Now, clearly the UUP has taken the Westminster selection debacle to heart, but might the party’s future direction and new leader not determine who it wants to put up for election? After all, there are at least three fairly different routes the Ulster Unionists might take.
Reportedly Sir Reg could have claimed the backing of a substantial number of delegates yesterday had he chosen to remain at the helm. He draws continued support particularly from those who are concerned that a new leadership will jettison the UUP’s link with the Tories.
Basil McCrea, heavily touted as a possible new leader, has cast his lot in with the Ulster Unionists who think it’s all the Conservatives fault. And in this revealing interview with Alan in Belfast, he shows his pan-UK credentials by declaring Westminster elections irrelevant, beyond their impact on subsequent Assembly polls.

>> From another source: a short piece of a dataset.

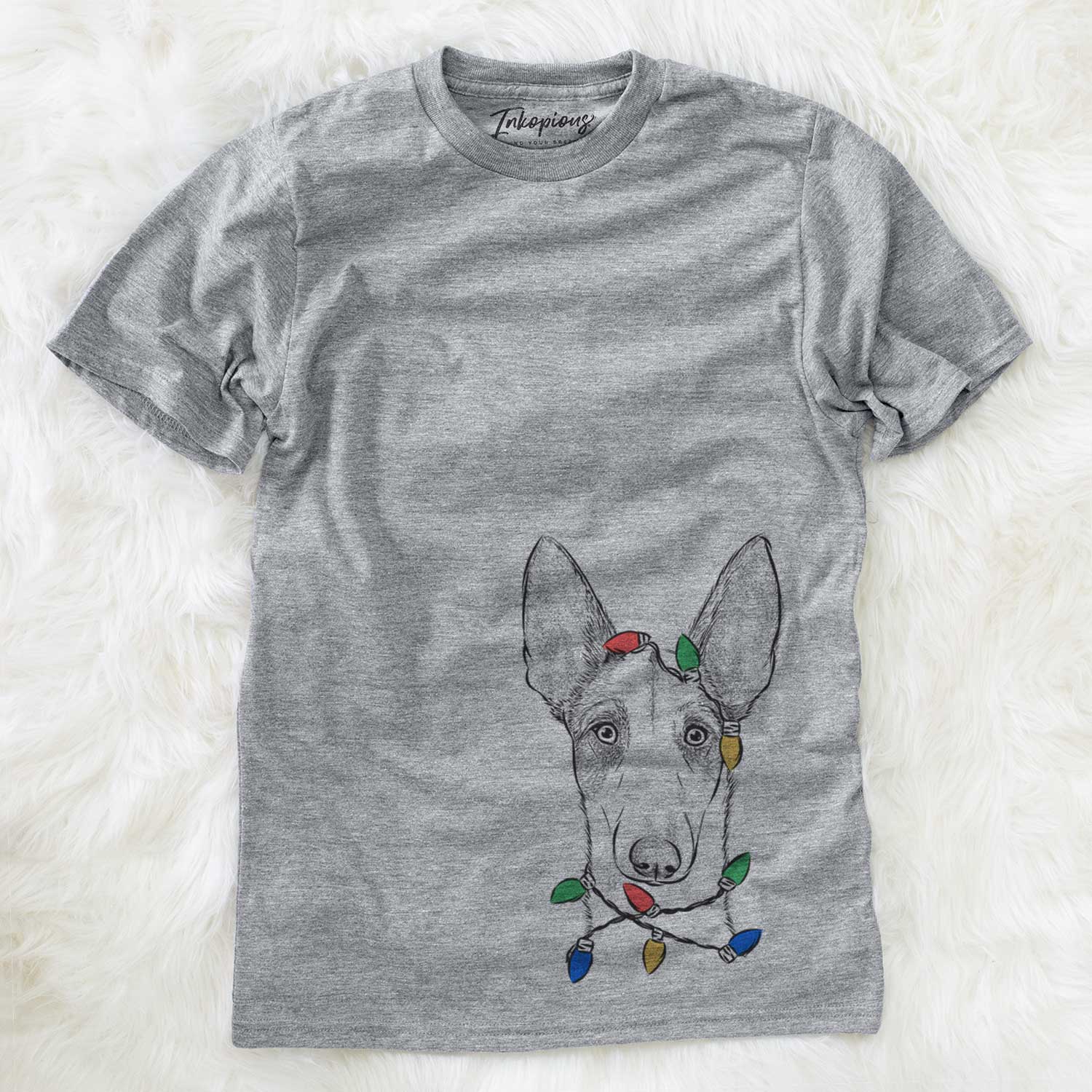 Hand-drawn sketch of Halo the Ibizan Sight Hound wrapped in Christmas lights on a Grey Unisex crewneck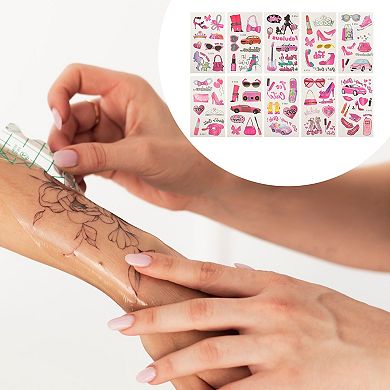 Realistic Party Styles Fake Tattoos Pink 10 Pcs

With other leadership candidates likely to emphasise fabled ‘unionist unity’, I wonder whether there is a candidate to take up the cause of UCUNF?
The one clear strategy which seems to have emerged from yesterday’s meeting is a concerted campaign to put pressure on Peter Robinson. Whether there is a genuine will to ‘start over’, in terms of relationships with the DUP, or whether this is an attempt to get excuses in early, I don’t know.
Whichever is the case, nothing is a convincing substitute for setting out your stall honestly and articulating its merits. The UUP tried to fudge ‘unity’ before the election, if it tries to fudge now, it will convince nobody again.
The high priest of civic unionism, Arthur Aughey, provides a tour de force over at Open Unionism, arguing lucidly that ’unionist unity’ is a dead end. I wonder whether the UUP has the guts to be as unambiguous?